Phoenix welcome mat sticker with Ghostpatrol tag.

Phoenix welcome mat sticker with Ghostpatrol tag.

This sustained campaigns of illegal posters and stencils creates signs that the federal government and the opposition does not represent all Australians on this issue and is not in complete control of the territory it claims. Even though it was buffed with in 24 hours I’m sure that my local member, Kelvin Thomson got the message when the external wall of his office in Coburg was recently covered in anarchist graffiti.


Mixed Messages @ Counihan Gallery

I often find sociological exhibitions in art galleries to be out of context and poor art but Phuong Ngo’s exhibition “My Dad the People Smuggler” at the Counihan Gallery is long overdue and worth a visit.

Currently in Australia the two major political parties compete to demonise ‘people smugglers’, the people who assist refugees to get to places of refuge, and to abuse those seeking refuge. The Australian government’s deliberately cruel, degrading and illegal policies on refugees (piracy is still a crime even if carried out by the Navy) have been going on for decades now.

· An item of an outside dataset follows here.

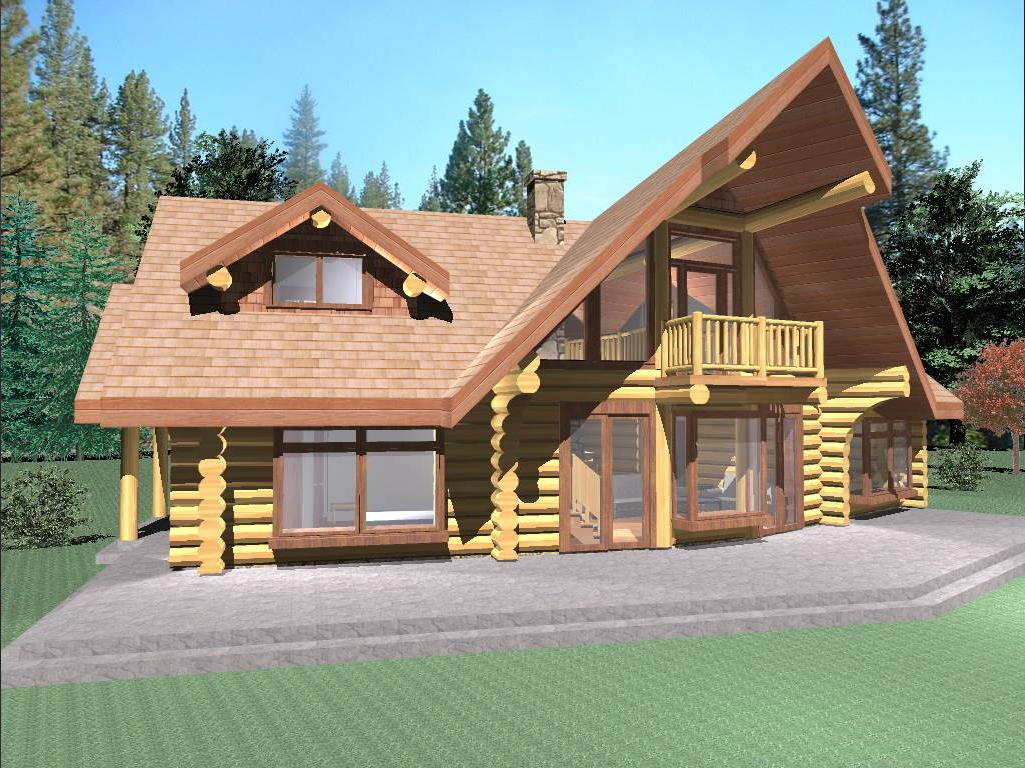HAWK 1725 SQ FT LOG HOME KIT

But back in the early 1980s in Australian policy towards ‘people smugglers’ was very different. Although Australia has long had an immigration policy that expressed racist xenophobia, the results of the Vietnam War lead to a brief period when refugees were welcome in Australia. It was during this period that Phuong Ngo’s father assisted others to leave Vietnam and arrived in Australia. The evidence that such things happened is in photographs and videos, including his father’s talking about his experience in people smuggling.

Not that I expect that this exhibition will have any effect on Australia’s current policy on refugees; it is safely in an art gallery and will just contribute to the mixed messages that exist in our society.

Michelle Hamer’s exhibition of small tapestries “I send mixed messages” is in Gallery One of the Counihan Gallery in Brunswick. The mixed messages are everywhere, as the Situationists loved to point out, the billboards, signs, stencils and tags all contradict each other. “Stop the madness,” reads a stop sign (stop me if you have seen this before). Clement Greenberg argued that kitsch was the inappropriate translation of art to the wrong media; I wouldn’t say that Hamer’s work is kitsch but I don’t know if the media is appropriate. As tapestries, the focus and much of the detail of the original photographs has been lost. I last saw Hamer’s work at Bus in 2010 but the work seems very familiar as there are a lot of artists creating needlework tapestry of urban scenes in recent years including Catherine Tipping, who will be having an exhibition of tapestries at Tinning Street Presents… later this month.


The Message – more political graffiti

I wrote in my recent post about culture jamming that “maybe it is time for a return to the politics of the blunt aphoristic quality of the graffiti slogan”. So here is a message from some anarchists to the Australian government about Australia’s inhumane treatment of refugees. (Notice that this message is site specific to the supermarket with its wall fenced off to prevent graffiti.)